THAT a man is fat does not necessarily prove that he is generous—except to himself.

SO MANY people would give anything to escape from home to some place where they could be really at home.

GOODNESS only knows—half what wickedness knows.

THERE are all sorts of women. Choose one you like, but never try to change the one you choose.

THERE are people who are always complaining that they don’t know what to do, while the only trouble other people have is that they can’t remember what not to do.

AN INNOCENT question may have anything but an innocent answer.

EVERY woman acts one part in her life, that of the sort of girl the man she wants to marry wants to marry.

MEN always say that they loathe being flattered, but don’t take any notice—no man has ever known that he was flattered.

WOMEN are divided into two classes, good wives who have no husband, and bad wives who have several.

A PRETTY girl can afford to wear inexpensive dresses, on the other hand she is more likely to be able to afford costly ones than if she were plain.

WHEN a flapper wants to she does, when she doesn’t want to she says her mother won’t let her.

IT IS USELESS to be able to support a woman in luxury if you cannot support her _en déshabille_.

BETTER a will in your favour than a will of your own.

THE ONLY way to keep a man at home is to go out with him.

WOMEN love men for what they give them, men love women for what they deny them.

THE TROUBLE is that man is by nature a man—not a husband.

LETTERS that should never have been written and ought immediately to be destroyed are the only ones worth keeping.

‘TRUE FRIENDS’ are generally quite impossible, and true lovers highly improbable.

NEVER make a woman cry unless she insists.

A MAN is like an omelette, he cannot be successfully warmed up again once he has got cold.

YOU NEED not consider a man but you must amuse him.

TO KNOW and understand women requires brain: to know and understand men requires beauty.

WHEN a woman begins to boast of the insults she has been offered in the past her charms are waning.

A CLEVER woman can help her husband, a pretty woman can help herself.

MOONLIGHT does not make things happen but it makes them visible.

THE husband who counts is the one who has something to count.

THERE IS a lot of difference between the man who admires fresh complexions and the man who likes fresh faces.

A WOMAN never notices that there is nothing to do in a place unless there is no one to do it with.

THERE are no middle-aged people now: they are young, wonderful for their age, and then dead.

THE ACT of ‘putting your cards on the table’ does not necessarily reveal what your foot is doing under it.

VERY few women will go so far to prove that their price is above rubies as to refuse—rubies.

MEN never grow up, they begin and end in arms.

THE history of the world is the story of how different people made the same mistake.

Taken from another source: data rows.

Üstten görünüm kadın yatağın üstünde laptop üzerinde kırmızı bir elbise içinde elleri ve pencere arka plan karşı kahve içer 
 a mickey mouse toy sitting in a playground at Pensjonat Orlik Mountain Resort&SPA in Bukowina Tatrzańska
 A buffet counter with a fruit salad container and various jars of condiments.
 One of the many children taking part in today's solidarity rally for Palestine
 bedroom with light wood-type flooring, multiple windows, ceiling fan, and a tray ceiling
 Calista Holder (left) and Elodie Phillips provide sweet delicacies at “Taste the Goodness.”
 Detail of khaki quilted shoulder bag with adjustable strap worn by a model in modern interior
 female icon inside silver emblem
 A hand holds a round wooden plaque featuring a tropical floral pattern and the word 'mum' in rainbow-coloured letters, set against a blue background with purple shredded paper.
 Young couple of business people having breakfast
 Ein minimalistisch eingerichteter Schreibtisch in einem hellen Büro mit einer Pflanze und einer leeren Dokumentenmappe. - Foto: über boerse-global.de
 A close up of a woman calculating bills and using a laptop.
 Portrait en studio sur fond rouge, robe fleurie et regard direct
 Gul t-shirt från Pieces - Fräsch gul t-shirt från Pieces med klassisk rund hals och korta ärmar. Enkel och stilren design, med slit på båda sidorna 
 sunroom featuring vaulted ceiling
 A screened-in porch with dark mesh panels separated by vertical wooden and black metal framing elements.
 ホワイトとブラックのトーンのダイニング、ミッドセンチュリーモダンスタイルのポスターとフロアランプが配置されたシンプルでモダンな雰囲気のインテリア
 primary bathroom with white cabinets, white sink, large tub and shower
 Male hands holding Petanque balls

Progress is the occasional departure from this order when someone has sufficient genius to think of a new sort of mistake to make.

WOMEN will destroy a man’s faith, his illusions, his love: but they will _not_ destroy his letters.

A MAN goes to a woman when he is in trouble—and gets into more trouble.

IF A WOMAN wants a thing she gets it. If a man wants a thing he buys it.

OPINIONS differ as to whether it is bad to be modern or merely modern to be bad.

FIRE-ARMS and freedom are two things that very few women ever handle properly.

WHAT a woman doesn’t know she guesses, and what she guesses she knows.

NO WOMAN with real beauty ever had false modesty.

WHEN a man has money to burn the chronic borrower is a match for him.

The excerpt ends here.